Indian Environment Minister clears the way for endorsement of “Delhi Consensus” at International Tiger Forum in St. Petersburg
Jairam Ramesh to present newly agreed Global Tiger Recovery Program in a show of TRC Ownership
Laying the final bricks on the road to the “Tiger Summit” in St. Petersburg, November 21-24, delegates from tiger range countries (TRCs) hashed out the final substantive issues of the Global Tiger Recovery Program (GTRP) in Delhi at a finalization workshop in late October. The document is the basis for the recovery of the wild tiger and its habitat and doubling of current populations by 2022, and will be presented at the International Tiger Forum by Indian Environment Minister Jairam Ramesh.
Governments of the tiger range countries reached a “consensus on conservation, finalizing both the Global Tiger Recovery Program document and the St. Petersburg Declaration, which will be signed by heads of governments in attendance.
From the very launch of the work on the recovery program nearly 18 months ago, TRCs have expressed the necessity of strong country ownership of the program. The “Delhi Consensus” seals the agreement among the TRCs and caps a process that is widely seen as transparent, knowledge-based, and collaborative, and an example of “bottom-up” action planning and negotiating. The participating countries affirmed their intentions to showcase policy and program commitments, which are part of National Tiger Recovery Priorities (NTRPs), at the Summit.
India’s Ministry of Environment and Forests hosted the workshop jointly with GTI, and Minister Jairam Ramesh addressed the delegates: “I welcome the consultative knowledge-based process undertaken by GTI through World Bank President Zoellick’s initiative which has brought TRCs on a single platform of knowledge-based action. India is happy to share its expertise and work on further enhancing the capacity of Indian wildlife institutions working with global leaders on this agenda. I would urge our economists and conservationists to come together and develop a better understanding by all of us, including policy makers in other sectors, of the enormous value provided by the tiger landscapes.”
The delegates agreed on the framework of a flexible financing mechanism that will allow broad participation by all possible donors to contribute to the GTRP portfolio, which will be updated as the program is implemented. They defined six core functions necessary to implement the Global Tiger Recovery Program. And as a first priority, TRCs agreed on efforts to strengthen national institutions to manage program coordination of the recovery program internally.

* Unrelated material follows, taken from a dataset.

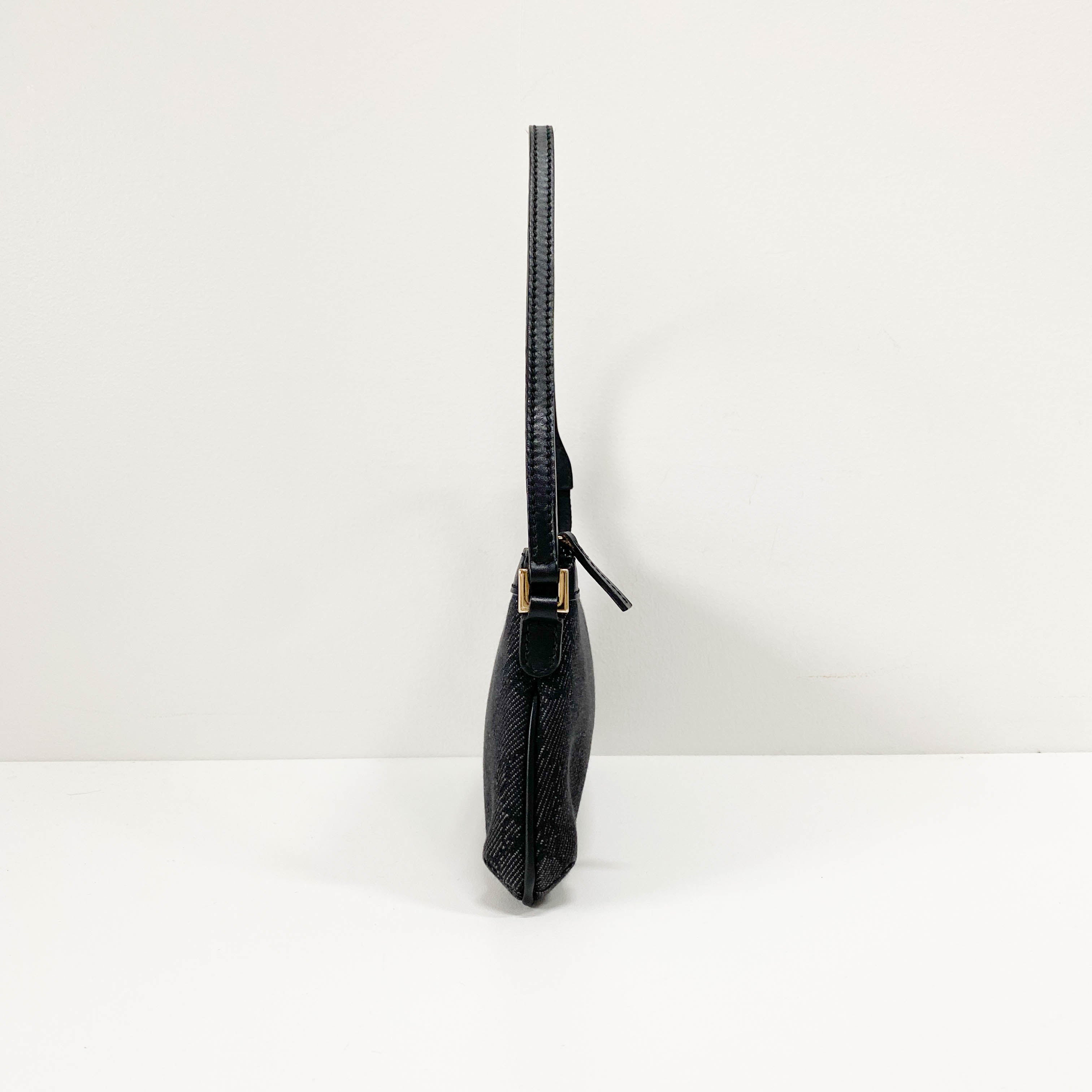 Small GG Canvas Black Shoulder Bag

Addressing the issue of long-term program management of the GTRP, stakeholders also agreed that the Global Tiger Forum, an already existing inter-governmental institution, should be given new life to help fulfill its mandate to protect wild tigers. GTI has expressed its willingness to support capacity-building of the GTF.

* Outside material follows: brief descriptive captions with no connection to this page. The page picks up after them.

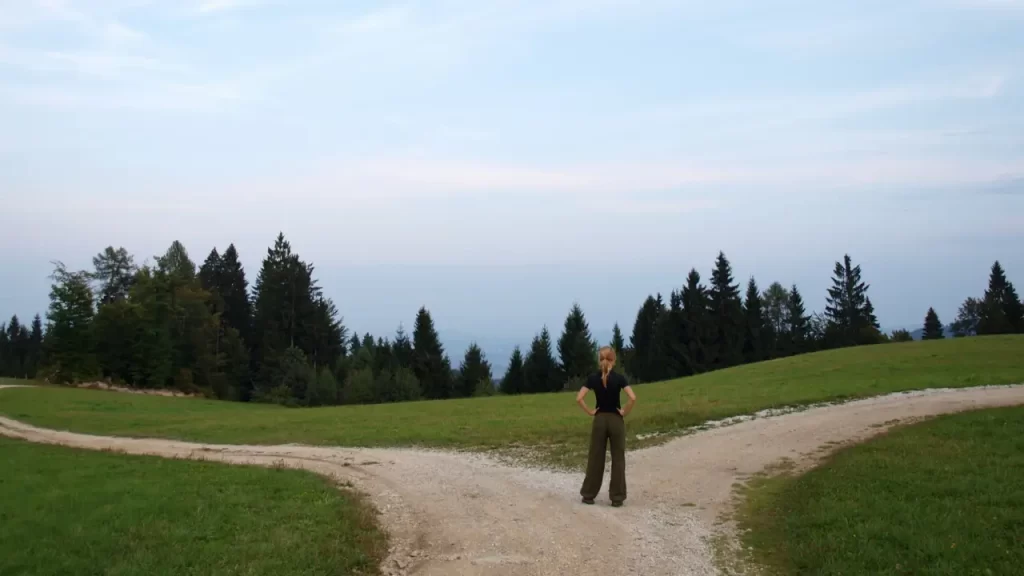 Escolha entre diferentes caminhos de vida representando decisões de mudança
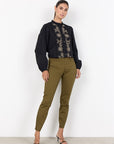 feine Hose in olive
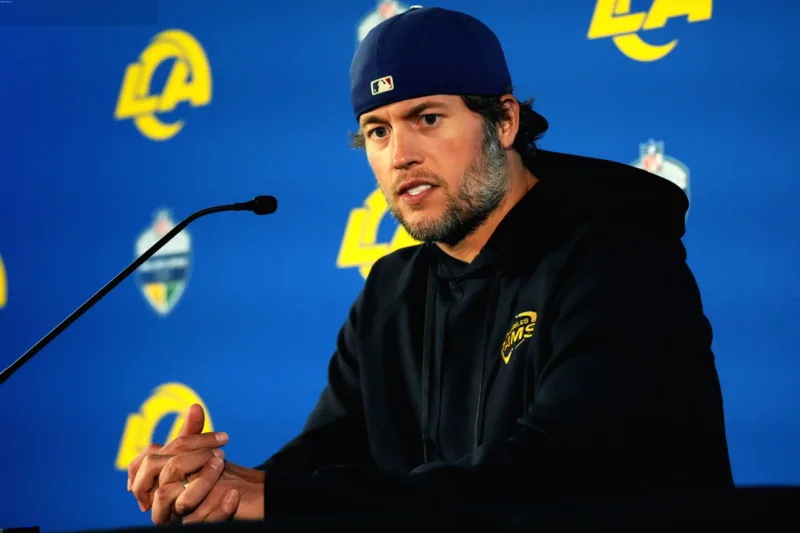 Asisten pelatih New York Giants Chad Hall berbincang dengan quarterback LA Rams Matthew Stafford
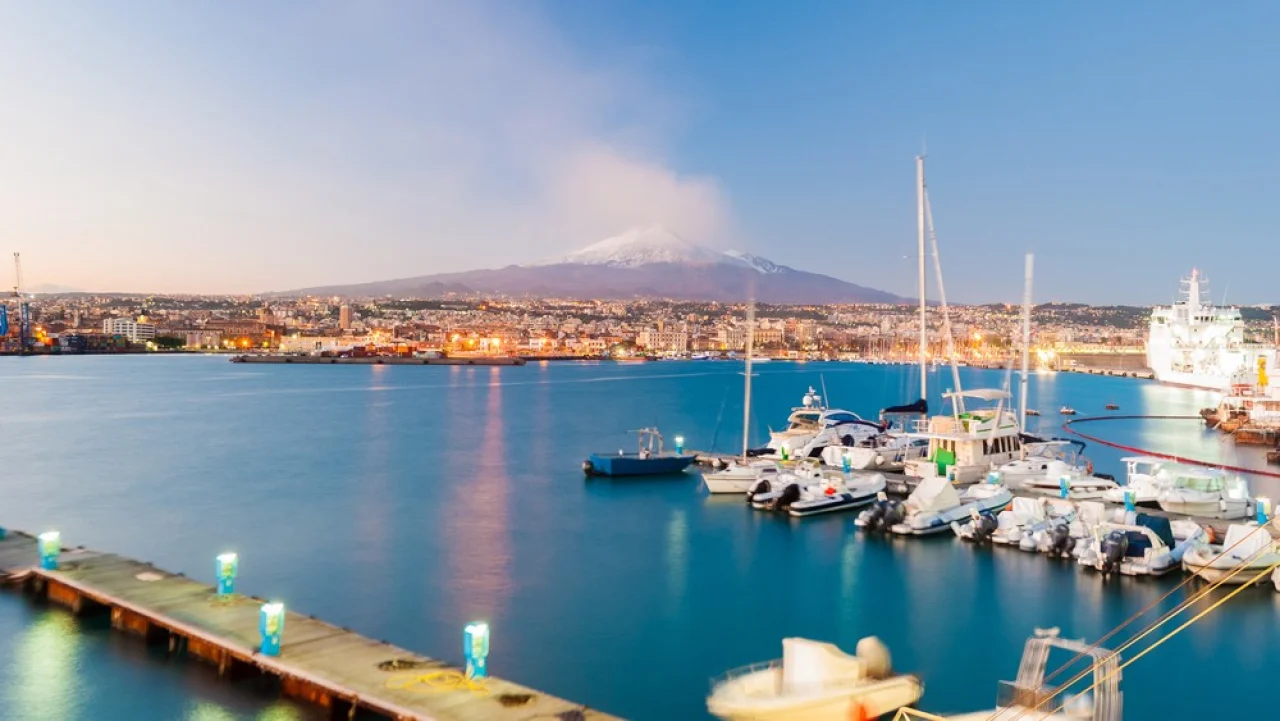 Hafenbild Catania (Sizilien)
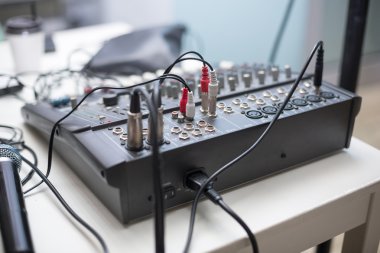 DJ ses karıştırıcı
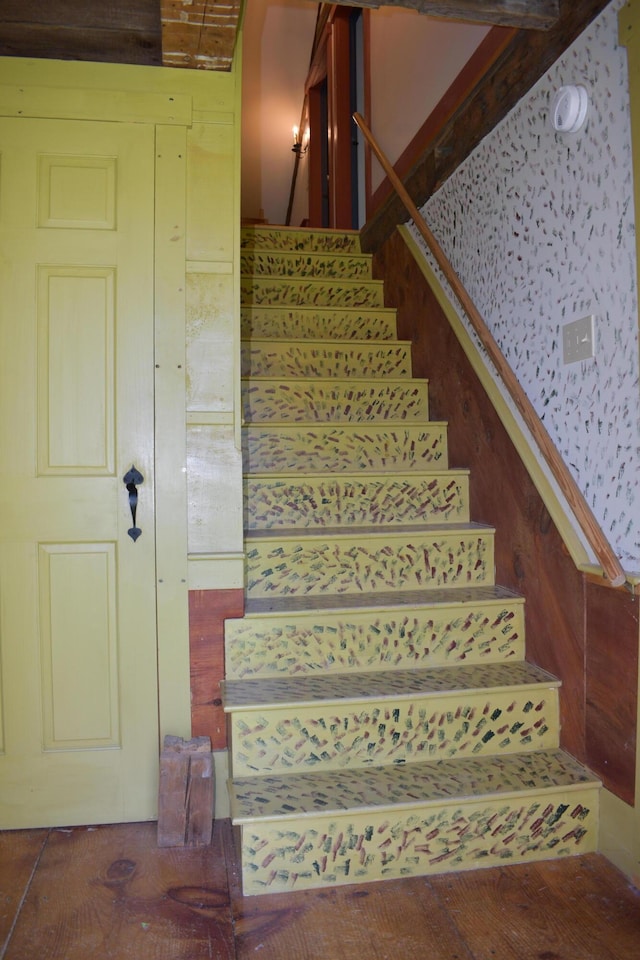 306 Campbell Rd, Leeds, ME 04263 - view of stairway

Until long-term management issues are sorted out, interim arrangements call for the Global Tiger Initiative to provide Secretariat functions to support the GTRP.
Countries also called for annual program consultations among the participating countries and international supporters, and also for funding partners to come together in suitable partnerships to better coordinate support and streamline implementation.
With just weeks remaining until world leaders convene a historic meeting in St. Petersburg, the Delhi Consensus is seen as a contribution to help concerned international supporters of the GTRP to converge on a shared vision and shift all energies to the challenging implementation phase, which will determine the real success of the recovery program on the ground.
GTRP (November 2010 version)
This is the conference document for TRC endorsement.
Boost to global efforts to save tigers.
Click here to read the full article by The Times of India
No comments yet.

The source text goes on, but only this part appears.